Mit dem HSV Hamburg gewann Jogi Bitter neben der deutschen Meisterschaft auch die Champions League. Kam es da nicht einer unglaublichen Umstellung gleich, nach Stuttgart zu wechseln? „Ja. Einerseits kann man sich in Stuttgart über Erfolge ganz anders freuen. In Hamburg waren Siege Routine.“

Andererseits sei der Abstiegskampf am Ende eine enorm intensive Erfahrung gewesen: „Die letzten acht Wochen der Saison waren brutal, der Druck war so hoch wie selten zuvor. Bisher ging es in meiner Karriere immer darum, etwas zu erreichen. Dieses Mal hieß die Mission, etwas zu vermeiden: Das hat viel Kraft gekostet.“

Bitter beweist: Man muss kein Tor sein, um ins Tor zu gehen

Apropos Kraft, mal ganz grundsätzlich: Ist man nicht komplett lebensmüde, wenn man sich beim Handball ins Tor stellt? „Das finde ich nicht. Im Gegenteil, es ist der dankbarste Job. Du bist die letzte Instanz und kannst zum Helden werden. Und wenn dich der Ball am Kopf trifft, ist das wenigstens kein Tor“, so Jogi Bitter.

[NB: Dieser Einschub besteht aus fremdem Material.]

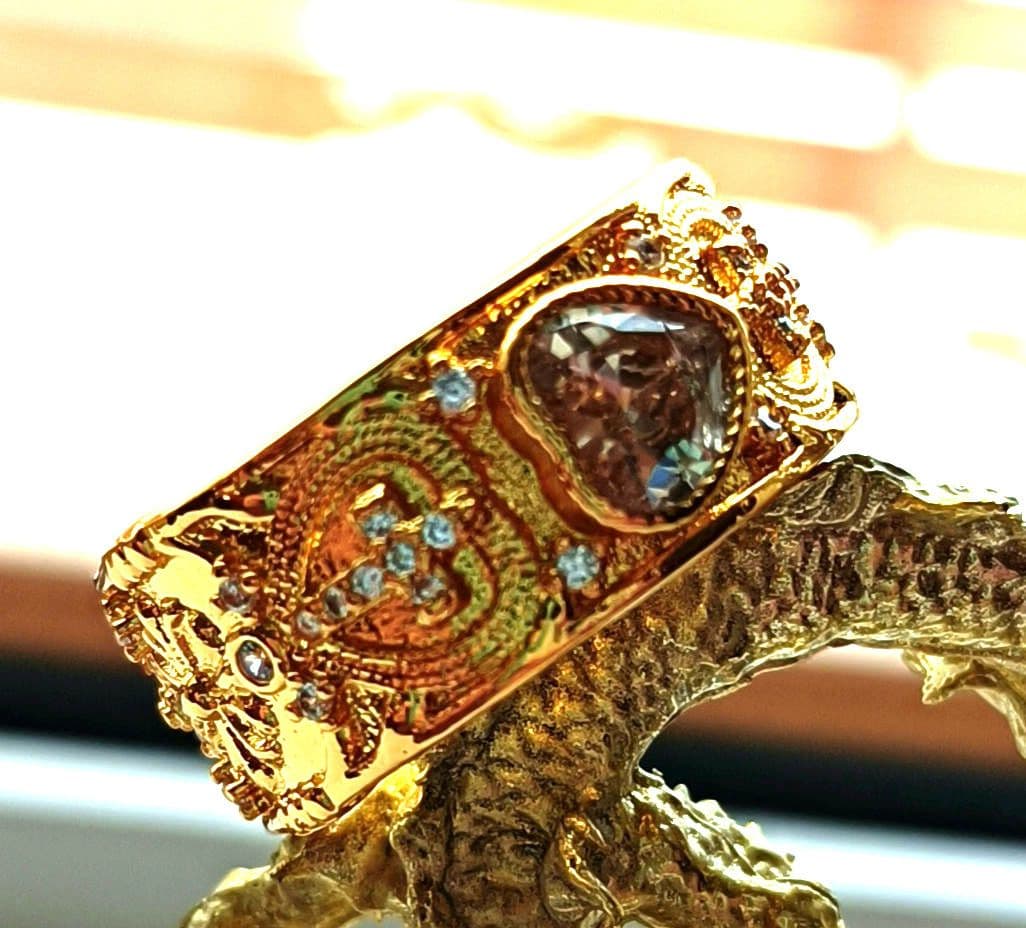 みんみん　開運絵画　♡愛の女王リング♡若々しい魅力的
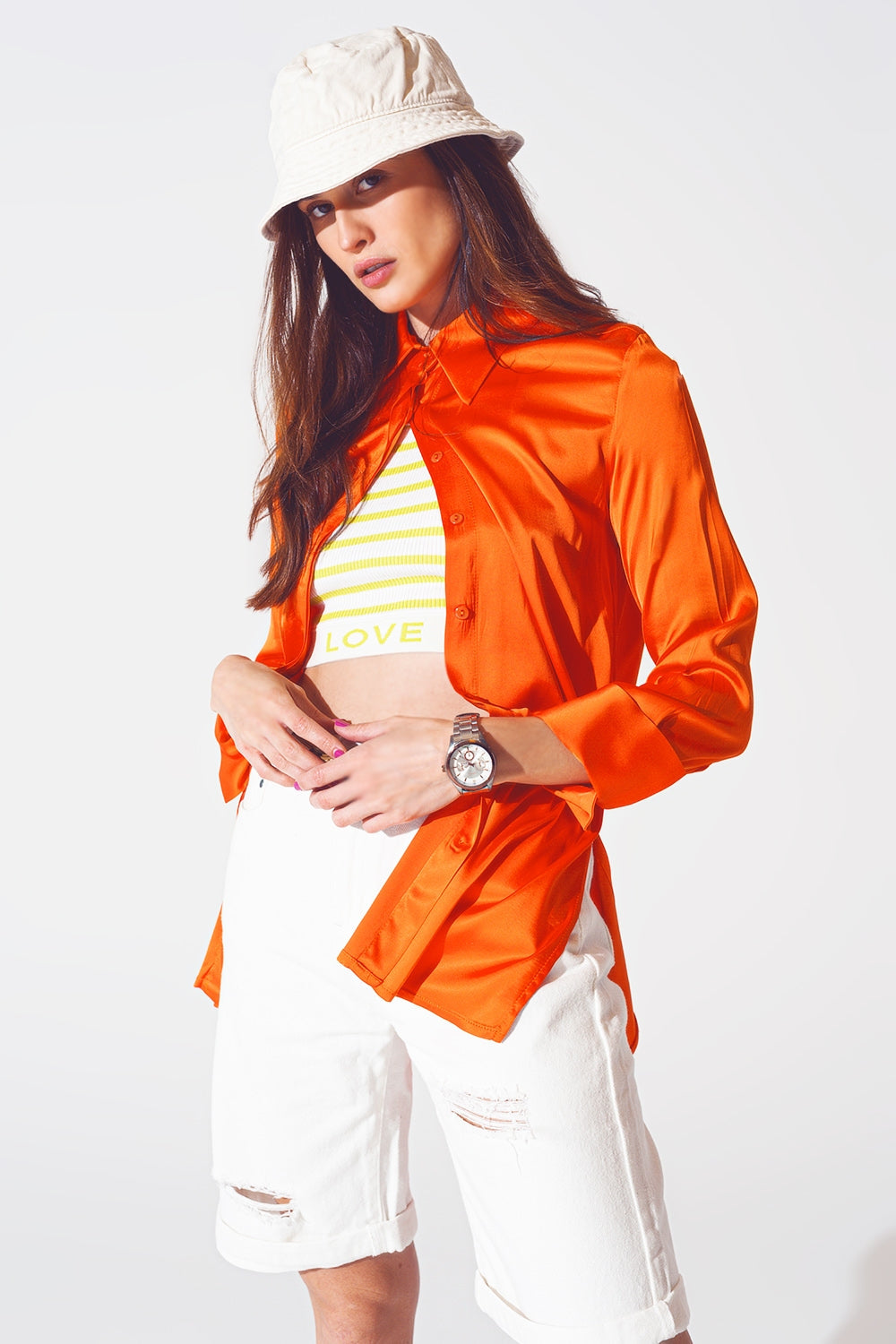 Camisa de saten naranja con abertura en los puños Q2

Der 34-Jährige ist ein Beweis, dass man kein Tor sein muss, um freiwillig ins Tor zu gehen – oder von Hamburg nach Stuttgart zu ziehen. Als Bitter zum TVB wechselte, ließ er sich seine Wohnung nicht vom Verein stellen, sondern suchte über Airbnb eine Bleibe im Remstal. „Ich wusste, dass das nur übergangsweise sein würde, weil ich dort wohnen will, wo ich lebe, und nicht, wo ich arbeite.“

Für ihre Aufnahmen mit Bitter steigt die Kamerafrau auf einen Hocker

Längst lebt der Riese mitten in Stuttgart. „Anfangs habe ich die Stadt aus der Perspektive des Exil-Hamburgers als eng und erdrückend empfunden. Wenn früher vom Kessel die Rede war, habe ich das nie kapiert. Wenn man dann mal hier lebt, merkt man aber schnell, dass die Luft in Hamburg einen Ticken frischer ist“, so Bitter. „Andererseits staune ich immer wieder darüber, wie open minded die Stuttgarter sind. Der Grundton in Hamburg ist eindeutig etwas ranziger.“

Seine Wahlheimat hat Bitter längst auch gastronomisch erkundet. Für das Interview schlägt er das Café Da im Bohnenviertel vor. In dem kleinen Café, das immer noch den Status eines Geheimtipps innehat, wird ein ausgezeichneter Cold Brew Coffee serviert. Mit dem Dorotheen-Quartier hat er sich ebenfalls schon auseinandergesetzt: „Ich finde es sehr charmant, dass es keine Passage, sondern eine Fußgängerzone geworden ist und man nicht in irgendeinem Verschlag flaniert. Das Dach ist aber etwas gewöhnungsbedürftig. Am Anfang dachte ich, das sind Fotovoltaikanlagen.“

Der riesenhafte Jogi Bitter gehört wahrscheinlich zu den wenigen Stuttgartern, die sich kaum strecken müssen, um auf das Dach des Dorotheen-Quartiers zu blicken. Falls wir es noch nicht gesagt hatten: Der gebürtige Oldenburger ist wirklich unglaublich groß. So groß, dass eine Kamerafrau des SWR bei der Pressekonferenz zur Vertragsverlängerung von Bitter auf einen extrahohen Schemel steigen musste, um Bilder auf Augenhöhe mit dem Weltmeister-Torwart einfangen zu können.